The Backstory. In 1948, the petitioner and his brother started a business in Brooklyn, N.Y., buying and distributing pickles. In good time, a third brother joined the company, which eventually became the largest distributor of Caribbean food in the New York area. By 2006, the petitioner’s two brothers gave their one-third interests to their sons and the petitioner held the remaining one-third ownership stake. In 2007, the petitioner fell ill and was absent from the business for a while. When he returned, the two nephews offered to buy him out. He refused, and the relationship deteriorated. Eventually, he filed suit, alleging they took oppressive actions to force him out and petitioning for a judicial dissolution of the business under New York Business Corporation Law (BLC) Section 1104-a.

After the New York Supreme Court (trial court) denied the nephews’ motion to dismiss the petition, the company elected to buy the petitioner’s shares pursuant to BCL Section 1118. In 2011, the court held a valuation hearing featuring the opinions of both parties’ experts.

Company’s expert uses one method. The company’s expert was a CPA but not a credentialed appraiser. He stated he had performed about 50 valuations. He submitted a three-page report based on his review of the company’s tax returns and “the sparse records he found.” He also had conversations with the company’s accountant and principals. He said he used a capitalized income method because he could not find any comparable businesses and the company was not a public corporation issuing stocks and dividends. He made adjustments to salaries, depreciation, and outstanding loans and weighted current earnings more heavily, arriving at average normalized earnings of $206,000. He determined a capitalization rate of 20%, translating into 5x earnings. It included company-specific risk factors, such as limited management and the company’s large amount of business with the A&P supermarket chain, which was in jeopardy because of A&P’s bankruptcy. He said he considered the company’s growth in sales, which had doubled between 2004 and 2010, but found no “dramatic” growth in profits. He concluded the petitioner’s one-third interest in the company was worth $230,000. Importantly, he also applied what he called a 20% discount for lack of marketability (DLOM). He said the DLOM accounted for the “difficulty finding somebody to buy a one-third interest. There’s really no market. It’s a privately-held company. Anybody who bought that one-third interest would conceivably have nothing to say about the company.”

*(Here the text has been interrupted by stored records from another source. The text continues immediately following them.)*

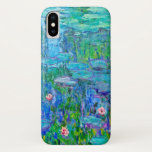 Capa Para iPhone X Belas artes frescas de Monet da lagoa do lírio de<br><div class="desc">Os lírios de água foram pintados pelo artista francês do impressionismo, Claude Monet, C. 1914. Esta é uma de muitas versões de sua lagoa do lírio de água do jardim em Giverny, France. Este design mostra as flores do lírio de água nas almofadas da flor entre as reflexões da grama...</div>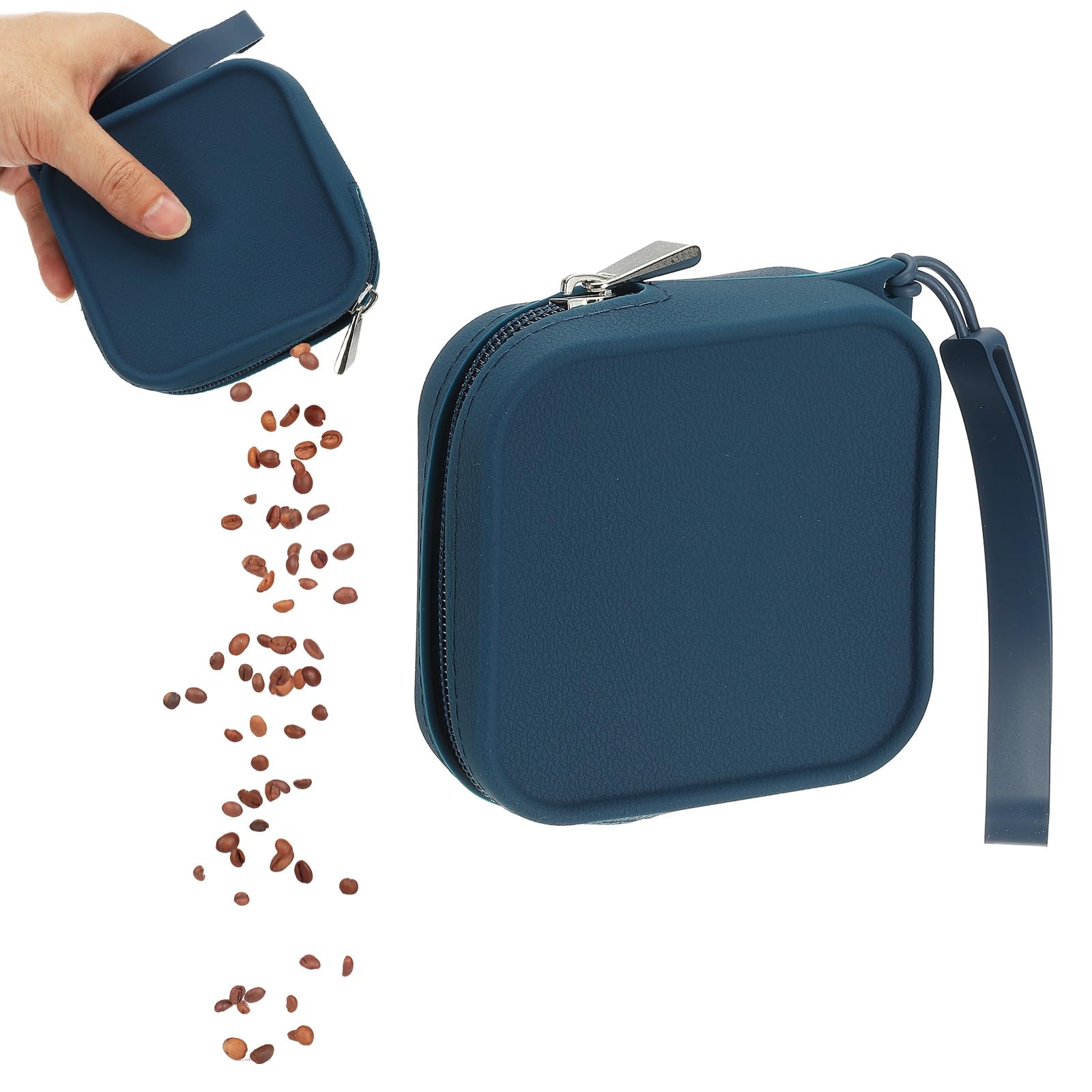 sourcing map Silicone Dog Treat Pouch, Auto Closure, Pocket Size, Portable Walking Bag for Dog and Cat 4x4 Inch (Navy Blue, 1Pcs), Intended for Pet Travel/Training/Walking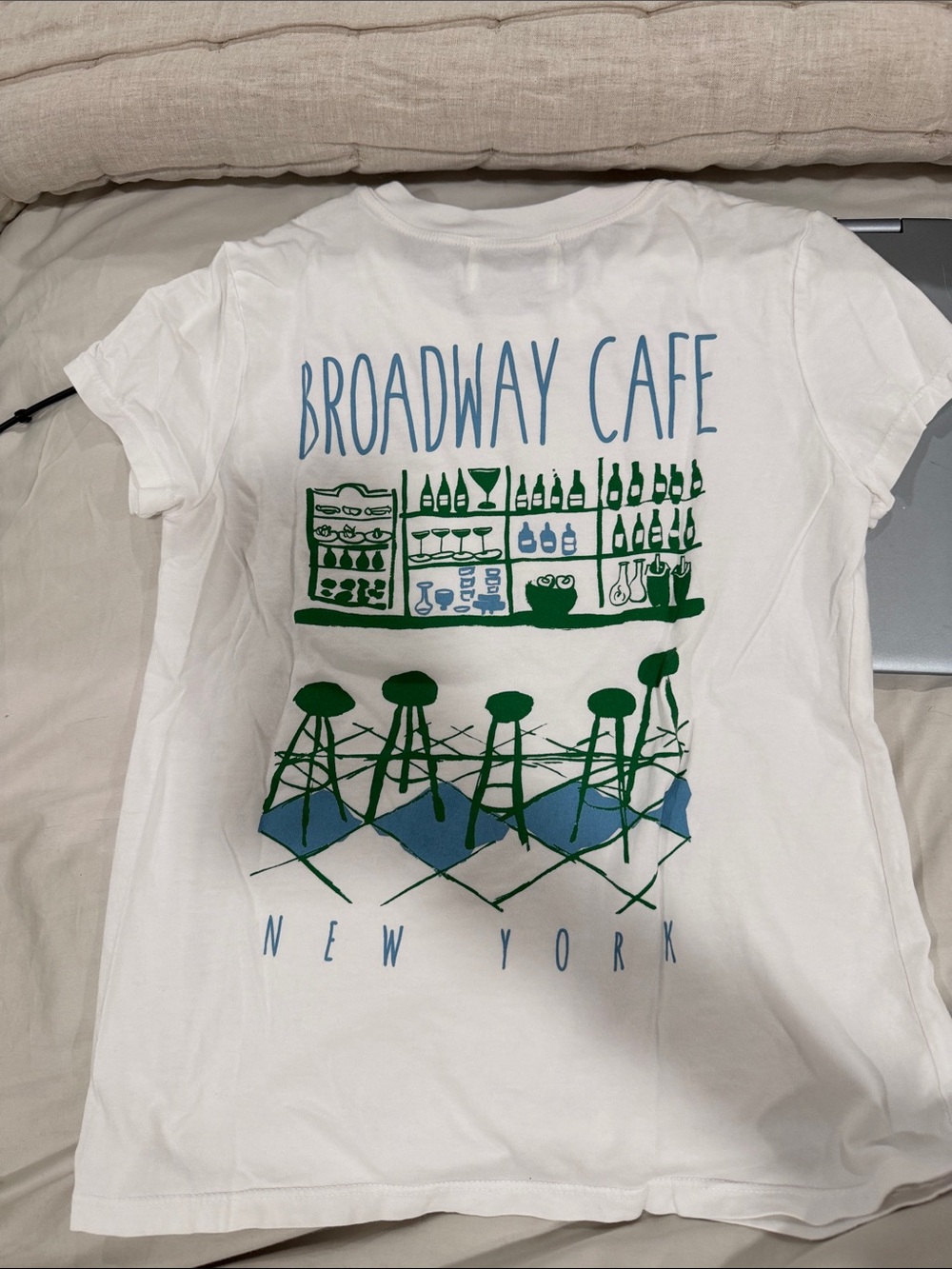 Sunny Somewhere White Tee with Blue and Green Broadway Cafe Print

Petitioner’s expert uses three methods. The petitioner’s expert was a CPA and credentialed appraiser. He visited the company’s premises and reviewed its books and records, which he found to be “minimal.” In addition, he reviewed company tax returns for 2004 through 2010, the compiled financial statement trend that the company’s appraiser had prepared, the general ledger, bank statements, and available truck manifests. He also took note of the petitioner’s account that big stores paid by check through central billing, whereas small bodegas paid cash on delivery, which the truck driver collected. While the latter sales were not in the computer, they should appear in the salesmen’s reports. According to the petitioner, smaller stores made up about 20% of the entire business.

The petitioner’s expert became aware that from 2004 through 2010 the company’s sales basically doubled and costs of goods sold increased commensurably, while the gross profit margin steadily decreased from a high of 27.5% to 24% in the last two years. During that very period, officer compensation went from zero to more than $500,000 per year for two officers. The only explanation, he concluded, was the existence of unreported sales. He performed a “stress test” on sales invoices and other available data and found the company had a gross margin of profitability of almost 35%, instead of the 25% appearing on the company’s tax return. Based on this differential in profitability, he concluded that, for a company with gross sales of $10 million, the amount of unrecorded sales in 2010 was approximately $1 million. Accordingly, he imputed gross profit at the industrywide level of 35% rather than the 25% reported by the company.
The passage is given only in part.